Esa casa está en una isla hecha de paisajes volcánicos que, gracias a una luz única que varía con el paso de las nubes y de las horas, van cambiando de colores y tonalidades. ¡Es espectacular! Un paisaje que no agrada a todo el mundo pero que en mi caso siento que dialoga con mi alma. No pretendo extenderme tanto en la belleza singular de los paisajes de Lanzarote, como señalar que cuando paseas allí y piensas en los textos de Saramago (ahora me viene a la mente “Cuadernos de Lanzarote”), se genera un diálogo que conecta el espacio, la memoria y la imaginación. Cuando después de experimentar eso regresaba a la casa Akarwangui donde me alojaba, sentía que escribir era crear un puente entre el mundo en el que vivía y el mundo que creaba.
Volviendo a Saramago y su vínculo y el de su escritura con su casa y Lanzarote, siento que escribir, más allá de poner palabras sobre papel, es una experiencia que transforma y que también transforma profundamente a quien escribe.
La peixera
La peixera es un habitáculo que forma parte de mi casa, formado por una pared de piedra y tres de vidrio que permiten ver, como se ve desde el despacho de Saramago, cactus, palmeras, otros árboles y el mar. Y es ahora, justo ahora escribiendo, que me doy cuenta de esa similitud. Hoy en día la peixera completa la humanización de la casa. No solo porque ha expulsado definitivamente a los espíritus malignos que dejaron los antiguos propietarios suizos, sino porque, claramente, es la pieza que faltaba. La peixera completa el rompecabezas y transforma un montón de piezas desordenadas en un todo coherente y bonito.
La peixera no la hice para mí. Tenía que ser para que Romina trabajara allí. Pero ella está en fase de definición de un nuevo proyecto y no la necesita. Bien, sin saberlo y sin concebir ese espacio para eso, la peixera se ha convertido en el lugar desde el que escribo desde hace pocos meses en una mesita como la del despacho de Saramago que no elegí yo. La eligió Romina. Como el resto de muebles y la decoración que conforman un espacio de gran belleza que se funde con el paisaje y el mar.

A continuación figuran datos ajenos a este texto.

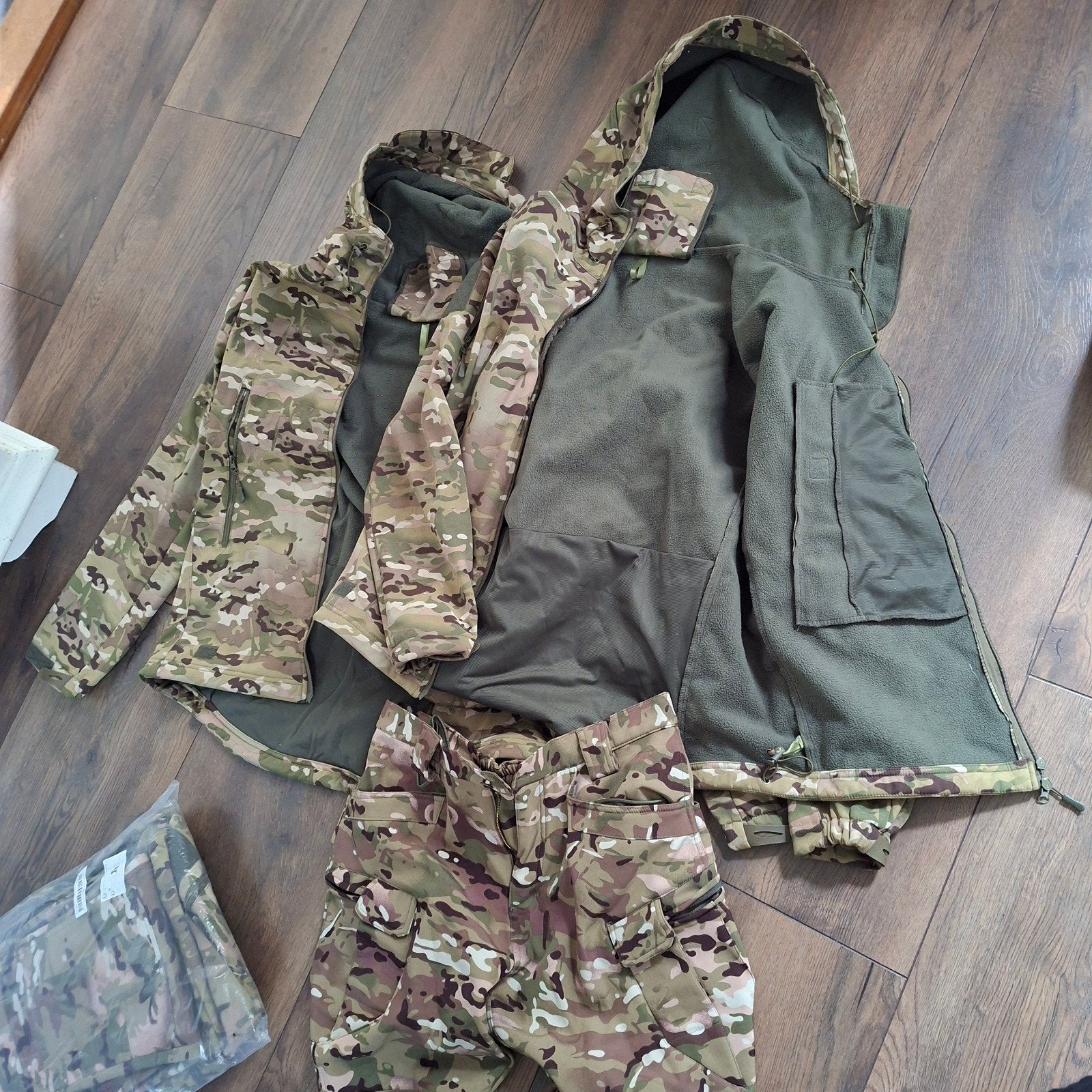 Airsoft camouflage broeken jassen en shirt xl xxl 3xl, Verzamelen, Militaria | Algemeen, Ophalen, Landmacht, Nederland, Kleding of Schoenen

Tiene una magia especial y tremendamente inspiradora. Lo que surge de mí cuando escribo, antes de impregnar toda la casa, multiplica exponencialmente el sentimiento, la sensibilidad, en ese rincón que he bautizado con este nombre: la peixera. La peixera, como el resto de la casa, está en El Perelló, frente a la Punta del Fangar, del brazo de tierra, fundamentalmente arena, dunas móviles, con que acaba el Delta por el norte.
Aquí, la simbiosis entre el alma, la casa humanizada y el paraje que me habla —y habla a quien lo quiera o pueda escuchar— es total.
Y cuando vuelva de Lanzarote y visite de nuevo la casa de Saramago, sé que algo de aquella energía quedará adherido a la piel, a la mirada, a la manera en que vuelva a sentarme en esa mesa. No será una inspiración abstracta. Será un impulso profundo, un recuerdo vivo de lo que puede ser una vida fiel a lo esencial.
Lo que respire en Lanzarote se transformará, aquí, en fuerza creadora. En energía para el alma. En palabra escrita desde la peixera.